**** TASK INPUT ****

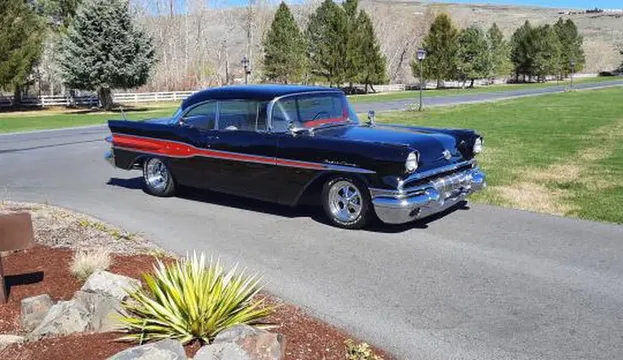 1957 Pontiac
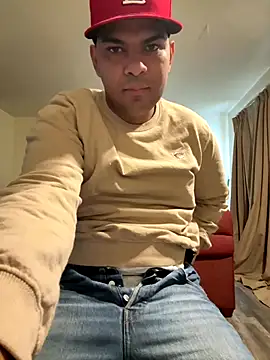 Snapshot of marhi32 chatting on 11/22/25, 08:41 marhi32 online show from 11/22/25, 08:41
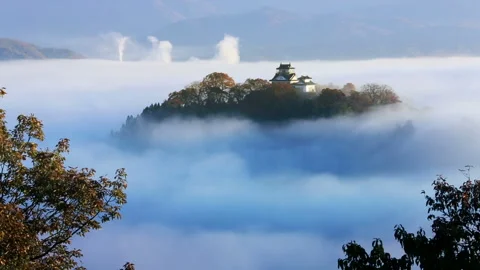 The Great Castle of the Sea of Clouds 動画素材 330606123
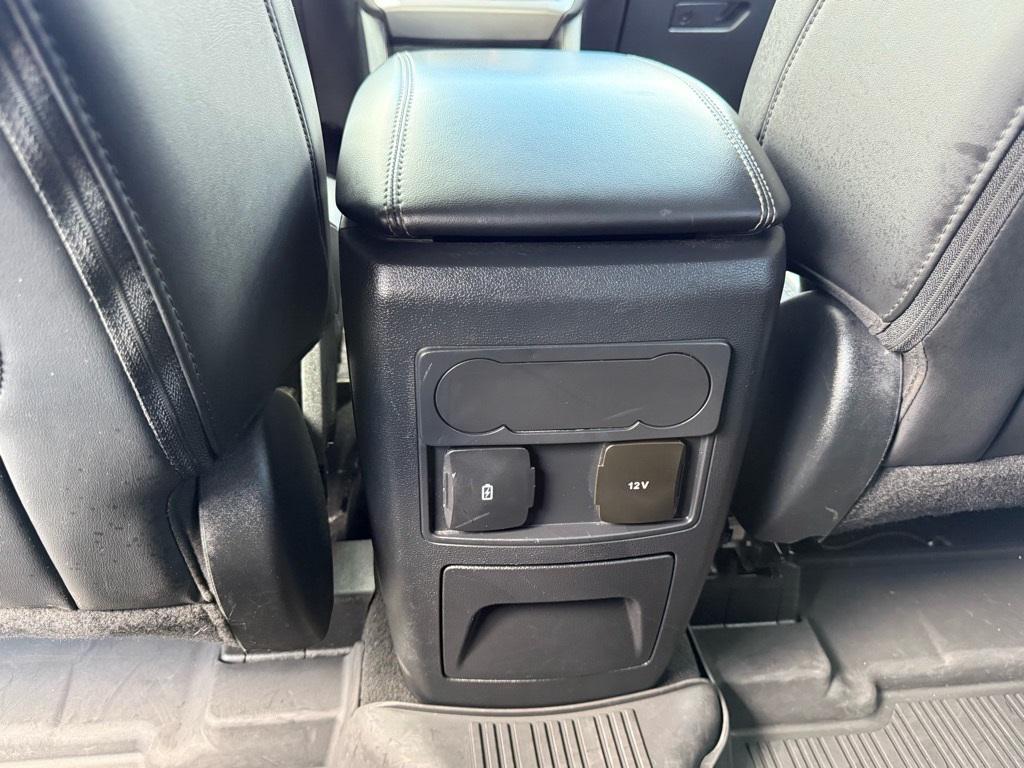 used 2022 Ford Explorer car, priced at $27,453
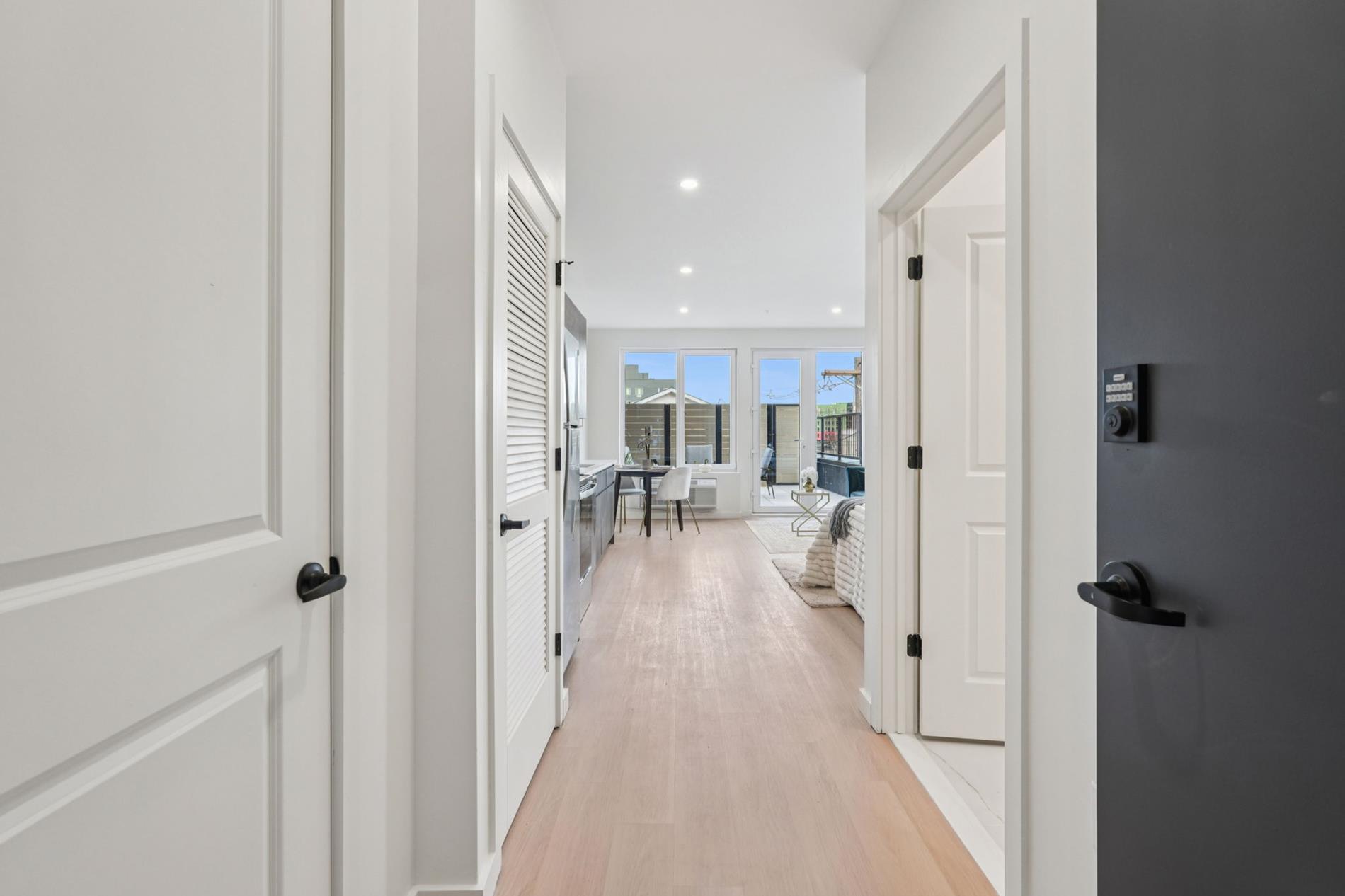 1 Mallory Avenue 304 Jersey City Jersey City NJ 07305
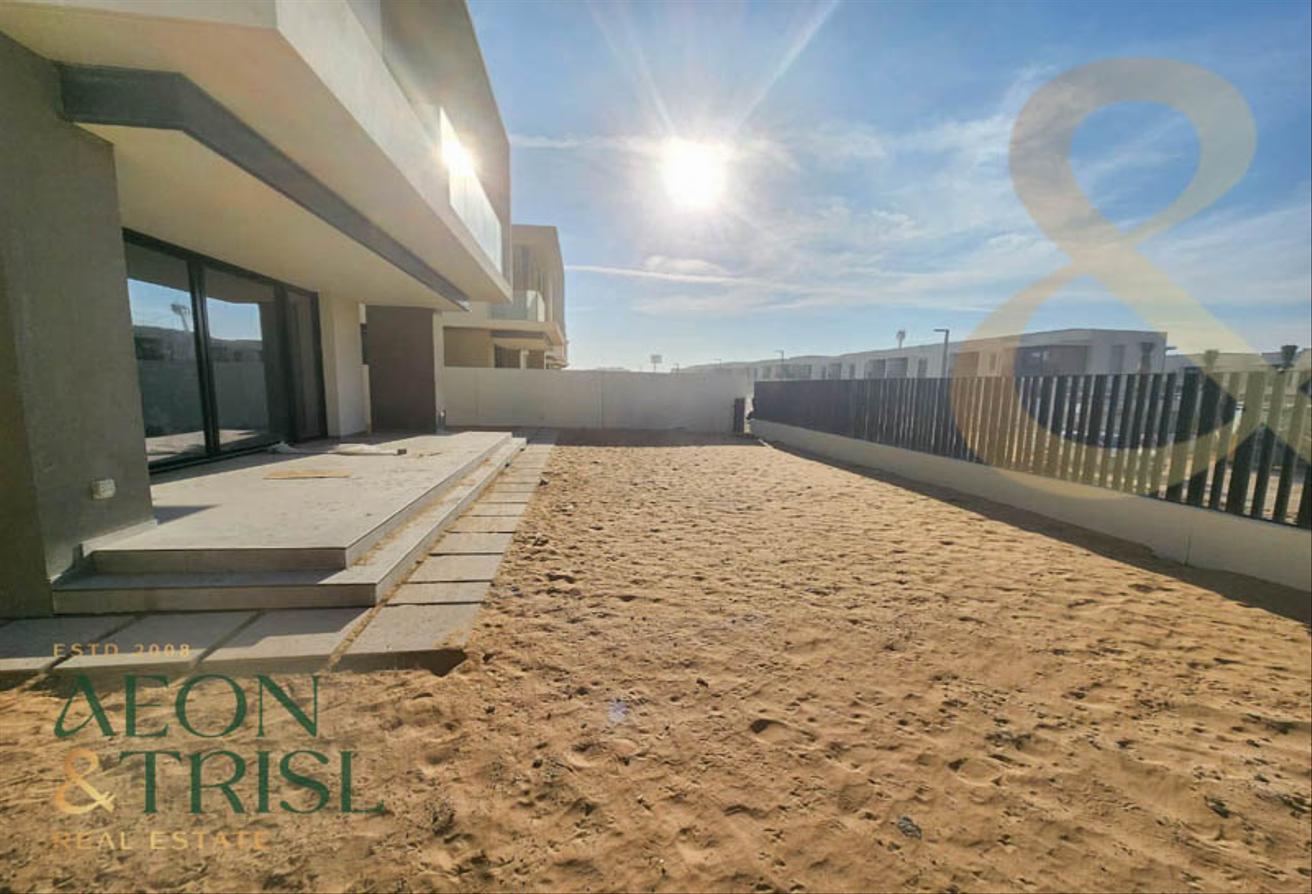Spacious 4 Beds + Maids | Jebel Ali Village photo 3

****

__WHAT YOU NEED TO DO__.
Each entry is to be given again exactly as it stands, with its pictures removed.

__WRITTEN RESPONSE__.
 1957 Pontiac
 Snapshot of marhi32 chatting on 11/22/25, 08:41 marhi32 online show from 11/22/25, 08:41
 The Great Castle of the Sea of Clouds 動画素材 330606123
 used 2022 Ford Explorer car, priced at $27,453
 1 Mallory Avenue 304 Jersey City Jersey City NJ 07305
Spacious 4 Beds + Maids | Jebel Ali Village photo 3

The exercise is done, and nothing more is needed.